Piłka nożna - Liga Okręgowa
W starciu Spójni lepsza ta z...
Dziś na boisku w Czechowicach-Dziedzicach kolejny etap przygotowań do rundy rewanżowej odnotowali futboliści Spójni - Landek oraz Zebrzydowice.
- Mecz przebiegał pod nasze dyktando, a wynik mógł być nawet wyższy. Mieliśmy dużo momentów bardzo dobrej gry, ale też nie ustrzegliśmy się prostych błędów - stwierdził po starciu z rywalem z Zebrzydowic Bartosz Woźniak, szkoleniowiec Spójni Landek, dodając - Ogólnie sparing należy ocenić in plus - podsumował.
IV-ligowiec pokonał Spójnię Zebrzydowice 6:1, a pierwsze pięć bramek zwycięski zespół strzelił już w premierowej połowie. Wynik otworzył Daniel Sobas, który ładnie przymierzył zza 16. metra. Następnie na 2:0 trafił Marcin Sobczak.
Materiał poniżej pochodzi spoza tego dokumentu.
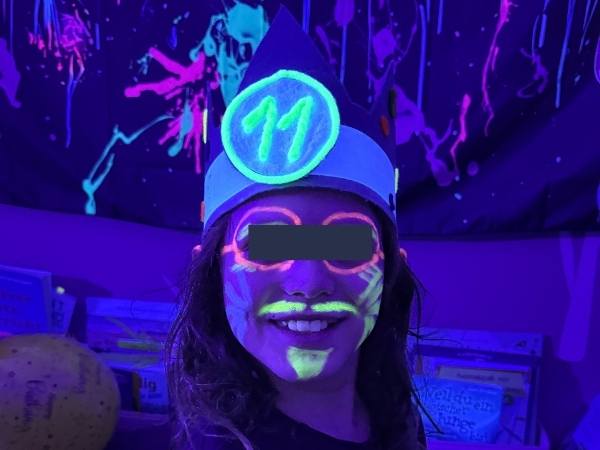 Kind mit fluoreszierender Schminke im UV-Licht mit einer Krone mit einer leuchtenden 11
Wówczas o gola kontaktowego pokusili się piłkarze prowadzenie przez Grzegorza Sodzawicznego. Gol autorstwa Tomasza Śleziony był jednak jedynym podrygiem reprezentanta Bielskiej Ligi Okręgowej.
W Czechowicach-Dziedzicach do siatki trafiali dziś jeszcze Wojciech Małyjurek, ponownie Sobczak oraz po dwakroć Marcin Habdas, udowadniając tym samym przewagę Spójni Landek nad tą z Zebrzydowic.